El problema lo solucionamos llenando el balcón de litronas y
latas de cerveza, porque reparamos que en la calle hacía más frío que en el
cumpleaños de Pingu, por lo tanto ¿qué
sentido tenía montar aquel drama por un superfluo frigorífico?
El alemán que compartía piso conmigo era pintor y llenó de
dibujos todas las paredes de la casa, yo contribuí escribiendo citas famosas y
letras de canciones.
La comida la sacábamos de la cantina escolar ya que las
carillas de perros pachones de ojos tristes y llorosos nos hacían
irresistibles. Hasta nos ofrecieron una tarjeta de estudiante para comer un
menú de lunes a viernes (nos apadrinaron como a unos niños del tercer mundo, prácticamente). Los fines de semana malcomíamos y tomábamos “jus d´orge” (zumo de cebada)
El piso era una sucesión ininterrumpida de fiestas. La vecina
del piso de abajo era cocinera de la cantina del instituto y no nos podía ni
ver. El alemán decía que a lo mejor era que no podía dormir, yo decía que era
envidia de la mala de ver lo bien que nos lo pasábamos.
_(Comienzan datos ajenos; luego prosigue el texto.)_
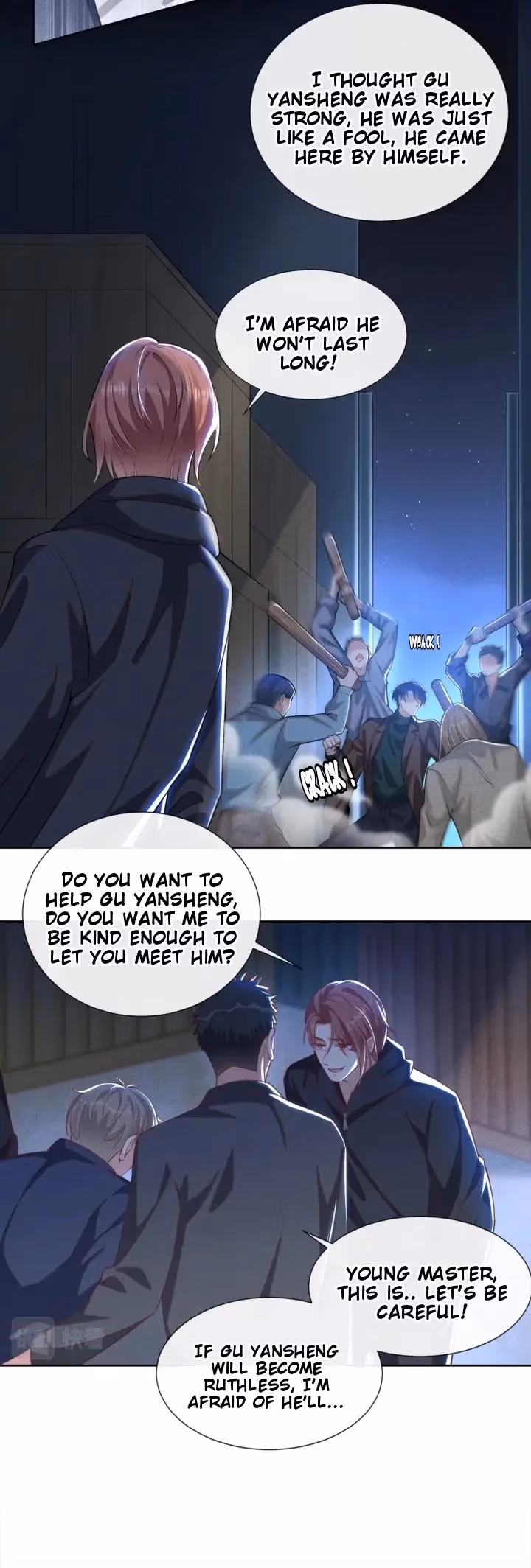 Read I’m His Devious Romeo chapter 128 image 18 on Lezhin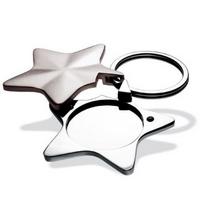 Heart Keychain & Keyring - Star Photo Frame from China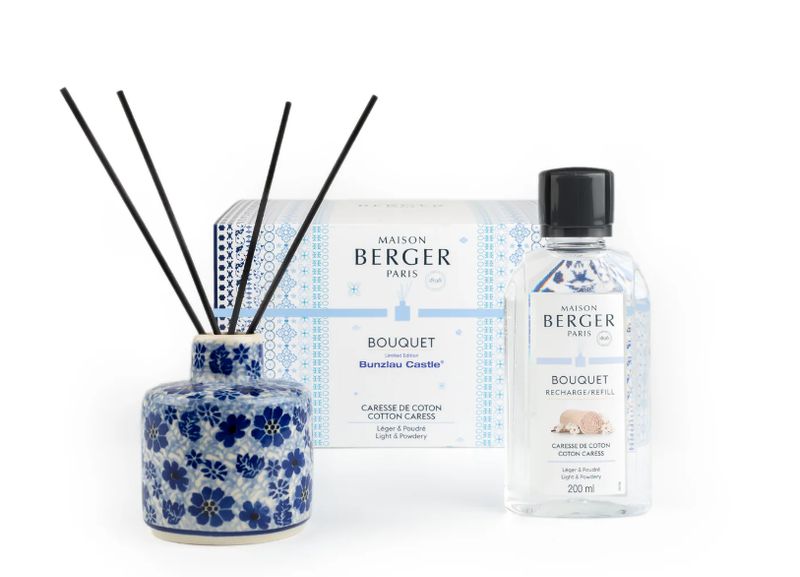 Maison Berger Geurstokjes Bunzlau Cotton Caresse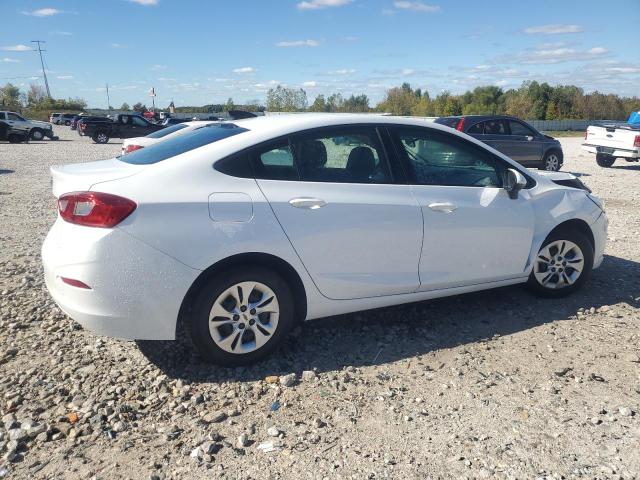 1G1BC5SMXK7123739 - 2019 CHEVROLET CRUZE LS Ақ фото 3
La ropa la lavábamos en la bañera porque el concepto de ir a
la lavandería y echar monedas nos quedaba muy burgués (por cierto, es una falacia
lo del detergente a mano sin frotar)
En todos sitios decíamos que éramos estudiantes mostrando
cualquier tarjeta de lo que fuera con tal de que no estuviera en francés (yo
conseguí el abono de metro barato exagerando mi acento español y prometiendo que acababa de matricularme en
un curso de francés pero no tenía aún el carnet de estudiante. Mentira, no pisé
una academia)
Un salario precario en un país caro agudiza el ingenio, os lo
garantizo.
Pues eso, a veces echo de menos la aventura y la
incertidumbre y el tener que “buscarse la vida” cuando uno está empezando a vivir y a conocer el mundo.